# Starting a charter in Greece



## yotti (Sep 25, 2003)

Can anyone help?
I have just chartered for my second year in the Ionian and bon both occasions have been let down by the service given by the agents in Greece.
Through this I am hoping to set up a tiny charter company comprising of just one boat to start with. Then to start with by word of mouth and a small amount of marketing booking weekly charters from Lefkas.
It will be chartered with myself as skipper as I want to offer the personel touch that none of the Greek agents seem to offer.
Is there any pointers or advice that can be taken into consideration or am I trying to tap into a market that is already flooded.
Look forward to hearing from you soon
Regards
Gavin


----------



## chrondi (Mar 24, 2004)

Your intentions remind me of a certain "Sailmaster" who claimed the same services not a long time ago. To my rather (poor) knowledge, you could very well serve as a flotilla leader, carrying a few passengers on board. Are you a romantic amateur or a true professional, after all?


----------



## TSOJOURNER (Dec 16, 1999)

sailmaster is alive and well, chartering his yacht around the Aegean with quite alot of success. Yes we do offer a higher quality service, and will continue to do so, perhaps it explains why we have had a fully booked season while the remainder of the greek charter fleet seems to still be tied up in Alimos marina.....service is whats its all about


----------



## yotti (Sep 25, 2003)

Thank you for your reply.
Having done a bit of research at the boatshow in Southampton most of the charter companies up and runing already have said that it is quite hard to set up as you need a greek agent as well. Do any of you know about this and the best way to go about it. Sailmaster where do you charter your boat from. This is not some romantic dream but a business i think that could work if the service is top class and the costs are favourable. Any tips on the size of boat. I was thinking of a Bavaria 46.


----------



## TSOJOURNER (Dec 16, 1999)

Yotti,
If you really want to do this be prepared for alot of hassle and frustration.... ok.
1. You need to start a greek company with you holding 49% and a greek partner holding the other, why? because you need to satisfity the greek tax office that you will not run away owing taxes.
2. You need to register with the local social security systems TEBE and pay in every month you contribution.
3. You need to find a good reputable accountant and have him open your company books, he will also take care of paying your VAT on charters as well as other tax obligations.
4. Once the paper work is done now you can buy your yacht, it must be registered with a greek flag, and then the fun starts. you will need, 
a. Hellenic registery inspection certificate,
b. Engine and yacht specfications certificate
c.Radio license, now with GDMSS
d.Life raft certifcate with MOB saftey gear as well
e: Insurance both for yacht and liability to 3million euro

every year all of the above has to be renewed and insoected, by the various authorites here in greece.

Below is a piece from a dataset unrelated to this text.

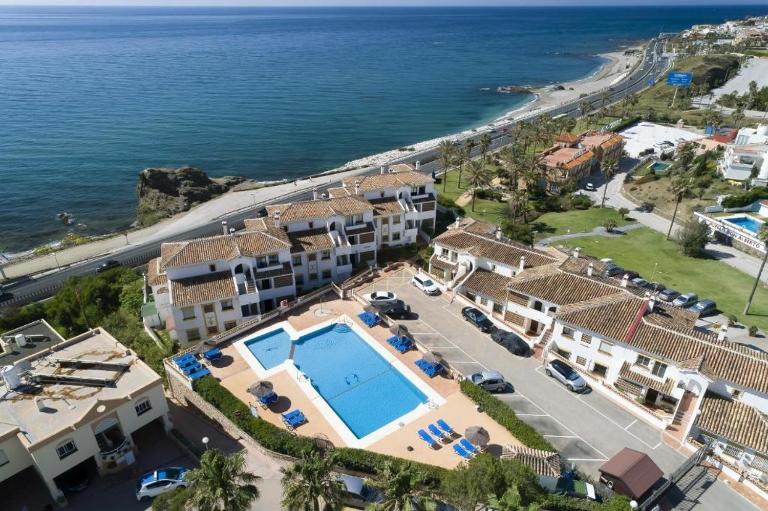 Private apartment Adriana inside Wyndham Resort - B&B Mijas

Ok so now you have the company, yacht and you are ready to charter... wrong....

every time you charter a charter contract has to filled out in 5 copies filed with the port police, once the charter is over the contract must be filed with the tax authorties no less than 4 weeks after charter has finished..... and so it goes on, if you speak greek then it will help alot as you will need to do alot of the running around your self, if not then trying to do this in ehglish will be difficult and trying as all the papers are written in greek, just siging them is nt enough as you will be asked to read and understand what you are siging..... still want to dothis???

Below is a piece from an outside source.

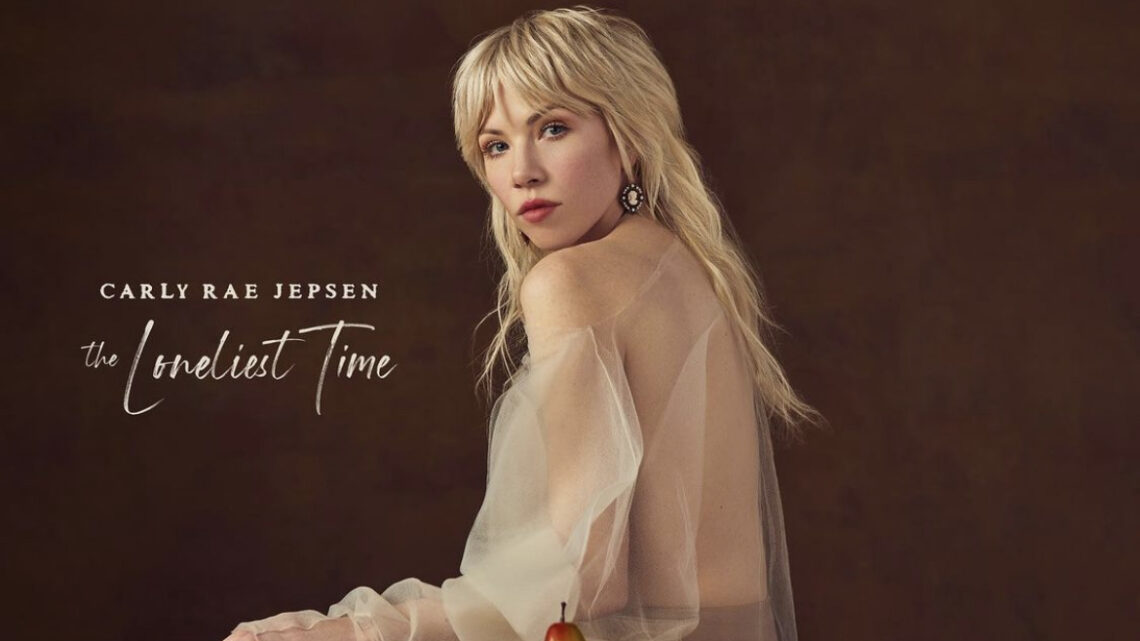 Carly Rae Jepsen anuncia novo álbum e lança o single “Beach House”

The yacht where as a bavaria 46 may seem like a good yacht, we have 100''s of the damn things over here, and you will immediately get into a price war with other brokers who can under cut you and say they offer the same service, find a yacht that they cannot offer and one that has minimum 4 cabins 3 for guests and one for crew, each guest cabin must have ensuite heads, try and find a yacht where the cockpit is divide into two, one half for guest to sit in safely away from flying sheets and one half where the crew can work the yacht while sailing, a large partical galley is a must with minumu 2 refers, 220v on board is nice, but not esstential..... so you still want to do this.... the market is tough here with tomany greek brokers only too happy to undercut you to keep money going though there company and stay afloat, unless you have a source of clients that the greek brokers do not I strongly suggest to avoid this venture as you will find your self in way above your head and just pouring good money after bad..... doing buisness in greece is and art and takes many years to understand there beaucary and exactly how and who to trust.....
I wish you the best


----------



## avournas (Jun 18, 2003)

Hi Gavin

There are some mistakes on sailmaster''s advise, under the newest Greek laws. These are:

1. You no longer need a 51% Greek partner, for as long you are a citizen of an EU country. You can issue the company 100% under your name.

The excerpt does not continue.